I was in Wal-Mart last week picking up gifts and a few last-minute things for a Christmas party. While we were walking out, I noticed all the poinsettias (Euphorbia pulcherrima) lined up from Metrolina Greenhouses. This is one of, if not the, largest greenhouses in the United States covering approximately 160 acres based here in North Carolina. They grow so many things; it would be difficult to list them all.

Poinsettias are a wonderful gift this time of year. They come in so many different colors and are just gorgeous to gift or spruce up your holiday decorating. There are over 100 different varieties from which to choose and colors range from white to pink to nearly every shade of red you have ever seen. The question is, how do we keep them looking so good through the holidays?

This process begins with picking out your poinsettia and the best place to begin is always a happy healthy plant. Look for plants that have lush dark green foliage as these will last the longest. Pay particular attention to the base or lower portion of the plant. If the leaves are yellow or curled, even if just in the lower portion, this is an indicator that the plant has gotten cold or had too much or not enough water.  Look at the bracts to see that they are undamaged and brightly colored. The plant’s bracts are the large colorful leaves that look like petals (in the top of the plant). Check the moisture level in potting soil by sticking your finger into the soil. It should be moist to the touch but not saturated.

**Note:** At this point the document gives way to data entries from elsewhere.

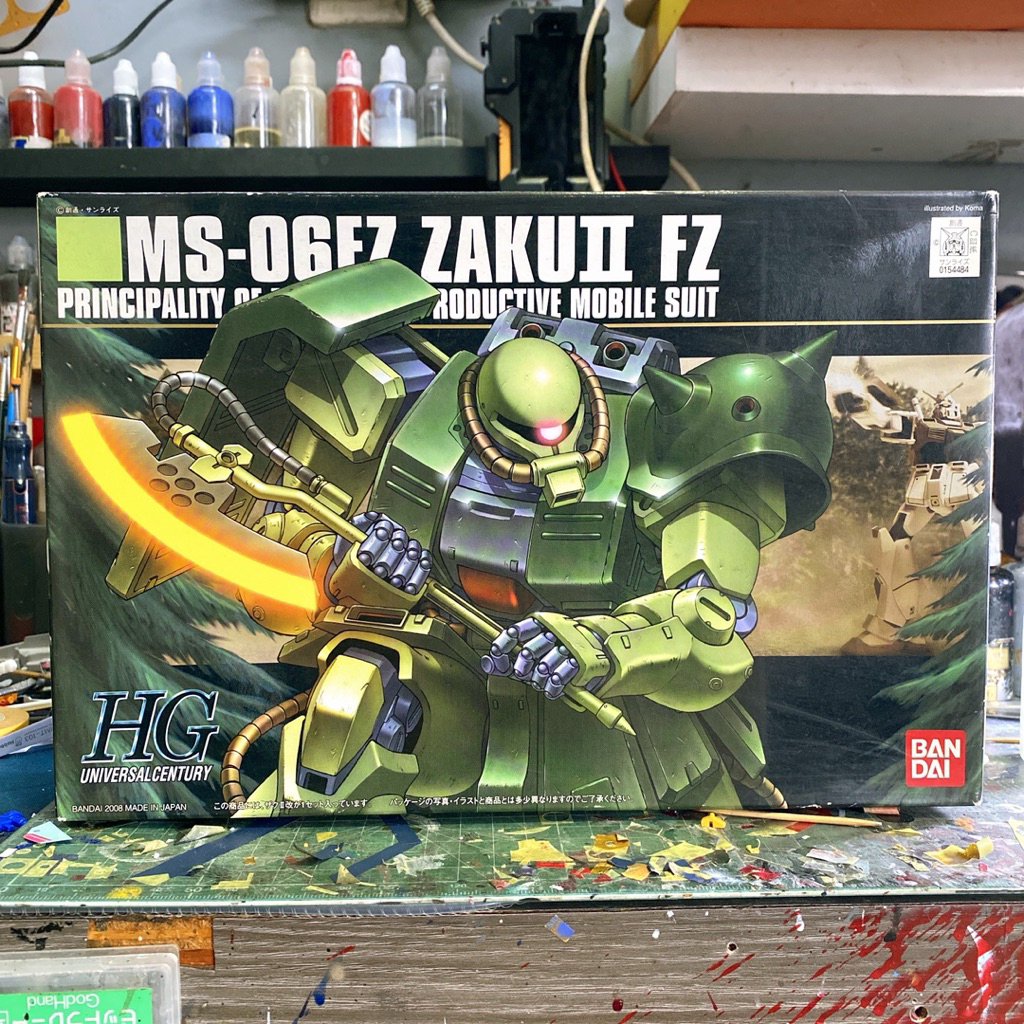 Bandai HGUC Gundam Zaku II FZ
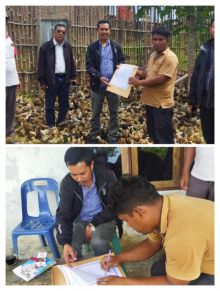 TPL Serahkan Ribuan Anak Ayam Bantuan ke KTH Desa Natumingka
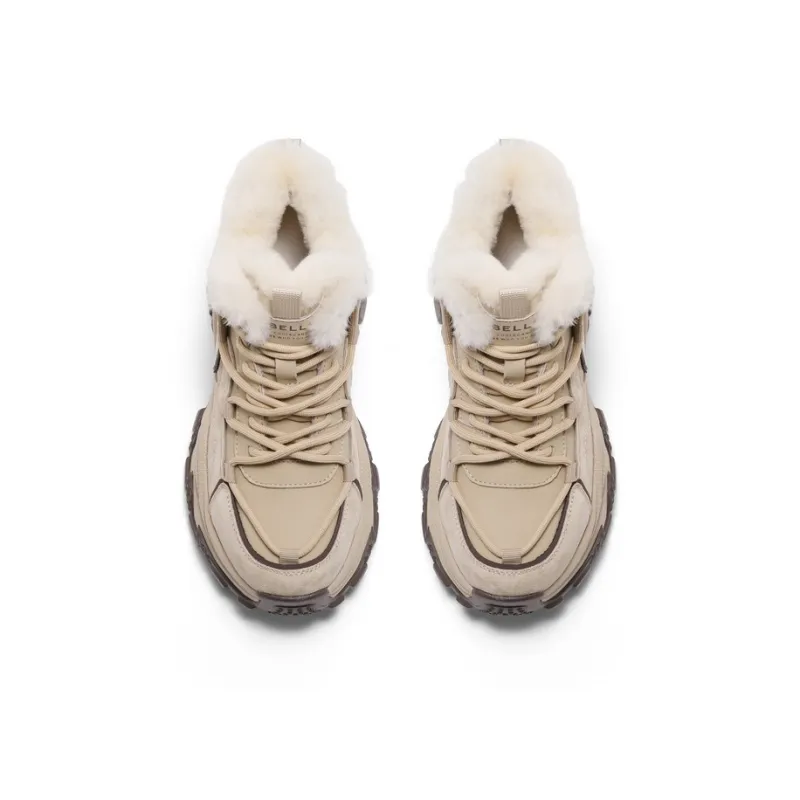 BELLE Anti Slip Wear Resistant High Top Chunky Sneakers Women's-6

Now that you have your happy, healthy plant, what should you do when you get it home? Location, Location, Location! Remember the scene in the Christmas classic “Frosty the Snowman” where they are in the greenhouse filled with poinsettias? Poinsettias are native to Mexico and as such they like it be consistently warm. Place your poinsettia in a window that receives plenty of indirect sunlight. This location should be away from cold drafts or direct heat from vents or fireplaces. The ideal temperature for the plants will be between 60°F and 70°F which should remain constant.

Where most of us go wrong is in the watering. I always tend to overwater. Unfortunately, there is no magic number of hours or days to wait in between watering. I wish it was like cooking a holiday turkey, but this isn’t the case. The best test for moisture is the finger probe tool! Put your pointer finger in the soil up to the second knuckle, if it is moist, then the plant is in good shape. If it feels on the dry side, then it is time to water. It is important to keep the soil moist but not saturated. Many of the holiday poinsettias come in a pretty foil wrapping or maybe a festive basket. This can make watering somewhat difficult. Remove the plant from the foil and take the liner to the sink. Water the plant thoroughly, making sure that the water is coming out of the holes at the bottom of the liner. Allow the plant to sit in the sink for a few minutes to allow water to drain through and then place the liner back in the decorative foil or container.

Holiday poinsettias do not need fertilizer so do not worry about feeding them. If you want to keep your poinsettias for next year, fertilize with a slow-release fertilizer after the first of the year to keep them going. I hope this helps you to enjoy these beautiful plants for the entire season.

If you are having an issue in your home garden or landscape, email your question to me at gene_fox@ncsu.edu. Learn more on Facebook at the Blacklands Area Horticulture page or visit the Extension Office located at 155 Airport Road in Washington, NC.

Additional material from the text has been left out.